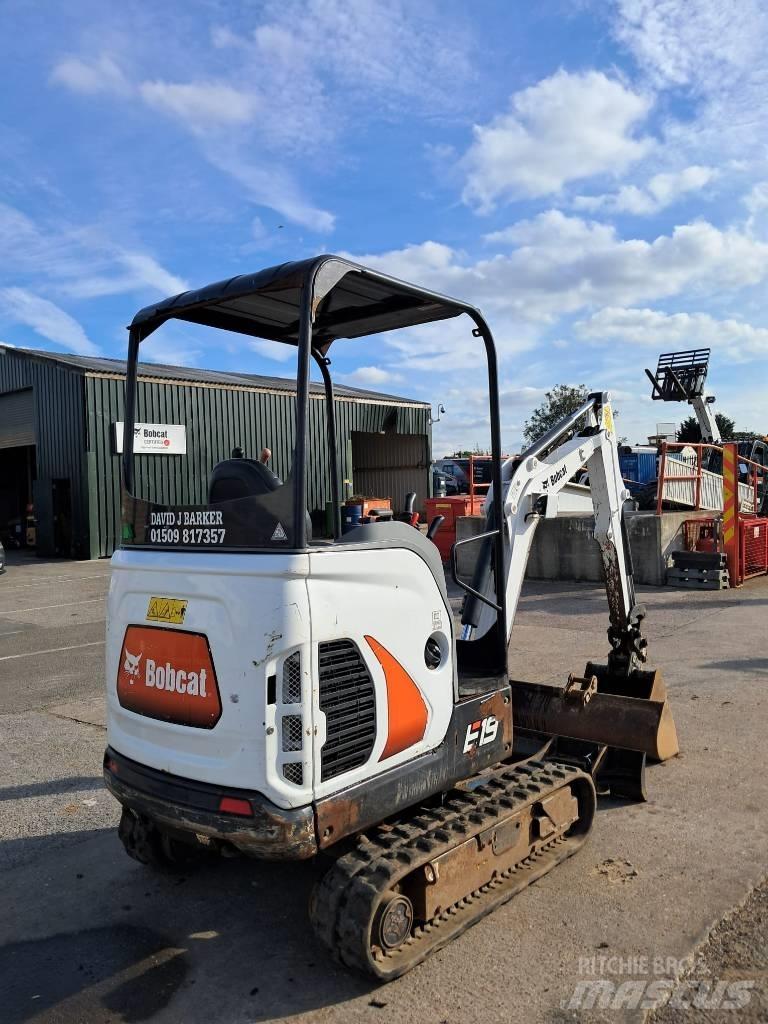 Bobcat E 19 Mini excavators < 7t
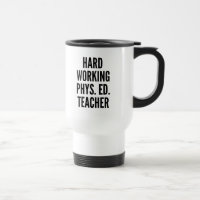 Professor de Educação Física de Trabalho do duro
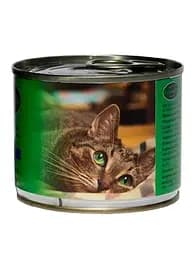 Вологий корм для котів Baskerville Оленина з Оленина с м’ясом курки, 200 г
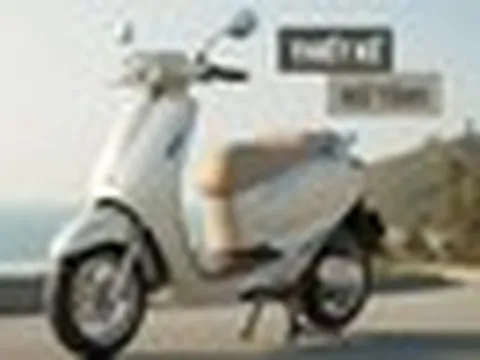 VinFast lộ xe máy điện mới: Động cơ điện không đặt ở bánh sau, gây chú ý với thiết kế đầy nữ tính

## Exercise goal
A faithful copy of all the data above is required, printed exactly and with no pictures.

## Completed task
 Bobcat E 19 Mini excavators < 7t
 Professor de Educação Física de Trabalho do duro
 Вологий корм для котів Baskerville Оленина з Оленина с м’ясом курки, 200 г
 VinFast lộ xe máy điện mới: Động cơ điện không đặt ở bánh sau, gây chú ý với thiết kế đầy nữ tính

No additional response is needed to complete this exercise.